Midway through National Diabetes Month, researchers report the discovery of two small molecules that could lead to new treatments for Type 2 diabetes.
About 25.8 million people in the United States have diabetes, according to the Centers of Disease Control and Prevention. An enzyme called glucokinase plays an important role in holding blood glucose levels steady. It converts glucose to glucose-6-phosphate in various organs, such as the pancreas and the liver.
Glucokinase is a compelling drug target to control blood glucose levels. Efforts have focused on drugs that work as glucokinase activators to keep glucokinase turned on. But, as David Lloyd of Amgen explains, a drawback with these drugs has been severe hypoglycemia (too little glucose in the blood).
Lloyd and colleagues decided to take the opposite approach and target a liver-based glucokinase inhibitor called glucokinase regulatory protein. “GKRP inhibitory control over glucokinase via its direct interaction has been well documented. Recent genomewide association studies have uncovered GKRP’s association with common Type 2 diabetes,” explains Lloyd. “The main hurdle we faced was that no small molecule has ever been identified that directly targeted glucokinase regulatory protein.”
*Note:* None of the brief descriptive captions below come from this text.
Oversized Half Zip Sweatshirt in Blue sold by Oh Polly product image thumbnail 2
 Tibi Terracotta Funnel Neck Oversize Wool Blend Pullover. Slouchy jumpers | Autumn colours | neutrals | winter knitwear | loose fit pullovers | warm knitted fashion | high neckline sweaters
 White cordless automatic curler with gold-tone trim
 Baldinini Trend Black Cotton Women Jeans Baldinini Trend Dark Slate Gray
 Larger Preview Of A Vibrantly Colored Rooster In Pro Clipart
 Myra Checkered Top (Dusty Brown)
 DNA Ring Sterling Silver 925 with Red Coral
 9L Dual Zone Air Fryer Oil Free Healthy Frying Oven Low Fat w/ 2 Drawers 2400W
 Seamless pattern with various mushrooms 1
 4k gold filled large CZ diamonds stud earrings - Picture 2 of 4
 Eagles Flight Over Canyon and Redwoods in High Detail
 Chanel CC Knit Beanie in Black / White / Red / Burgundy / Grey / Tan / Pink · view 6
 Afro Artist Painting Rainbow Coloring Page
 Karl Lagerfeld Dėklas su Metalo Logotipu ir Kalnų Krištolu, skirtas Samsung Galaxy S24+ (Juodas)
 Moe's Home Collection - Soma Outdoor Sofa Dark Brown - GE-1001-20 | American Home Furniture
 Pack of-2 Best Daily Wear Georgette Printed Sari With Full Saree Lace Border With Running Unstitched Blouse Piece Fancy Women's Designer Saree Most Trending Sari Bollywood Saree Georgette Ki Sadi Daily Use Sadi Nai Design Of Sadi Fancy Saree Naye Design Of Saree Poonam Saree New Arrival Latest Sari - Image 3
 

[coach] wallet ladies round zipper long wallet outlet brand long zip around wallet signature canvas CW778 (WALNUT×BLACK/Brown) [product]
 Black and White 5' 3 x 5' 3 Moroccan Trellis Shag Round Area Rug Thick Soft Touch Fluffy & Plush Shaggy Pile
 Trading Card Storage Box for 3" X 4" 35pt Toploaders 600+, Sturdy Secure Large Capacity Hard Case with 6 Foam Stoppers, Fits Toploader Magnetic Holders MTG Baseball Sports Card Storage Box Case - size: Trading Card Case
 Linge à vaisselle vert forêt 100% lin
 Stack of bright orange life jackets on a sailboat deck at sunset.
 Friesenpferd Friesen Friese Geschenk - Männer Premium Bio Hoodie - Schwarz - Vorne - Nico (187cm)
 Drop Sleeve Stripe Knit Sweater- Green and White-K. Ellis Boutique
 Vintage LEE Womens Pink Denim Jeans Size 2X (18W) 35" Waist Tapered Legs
As they describe in their Nature paper, the investigators screened for compounds that targeted the interactions between glucokinase and GKRP. They found two molecules, AMG-1694 and AMG-3969, that disrupted the interaction between glucokinase and GKRP. The disruption kept glucokinase active in only the liver. “The liver-specific mechanism may spare the pancreas from increased insulin secretion associated with current glucokinase activators in clinical trials,” says Lloyd.
The work is significant because GKRP “had previously been considered intractable,” says Lloyd. “We determine that GKRP now is a bona fide target for the potential treatment for Type 2 diabetes.”
He says an important step was that he and his colleagues solved the structure of GKRP bound to AMG-1694 and AMG-3969 and identified “a pocket occupied by our molecules.” Lloyd adds that the identification of the pocket allowed the investigators to tweak their compounds for a better fit to the pocket and make the compounds more potent.
But Lloyd cautions the compounds still need to be tested in humans. “In general, a rodent model is a crude representation of the human disease,” he says. “We tested our molecules in several distinct rodent models of diabetes to get a general picture of their effects” under different in genetic and nutritional conditions.
Lloyd adds by testing the molecules in several models allowed “us to gain confidence in the efficacy of the molecules. However, we still cannot make conclusions on their translation to the human disease.”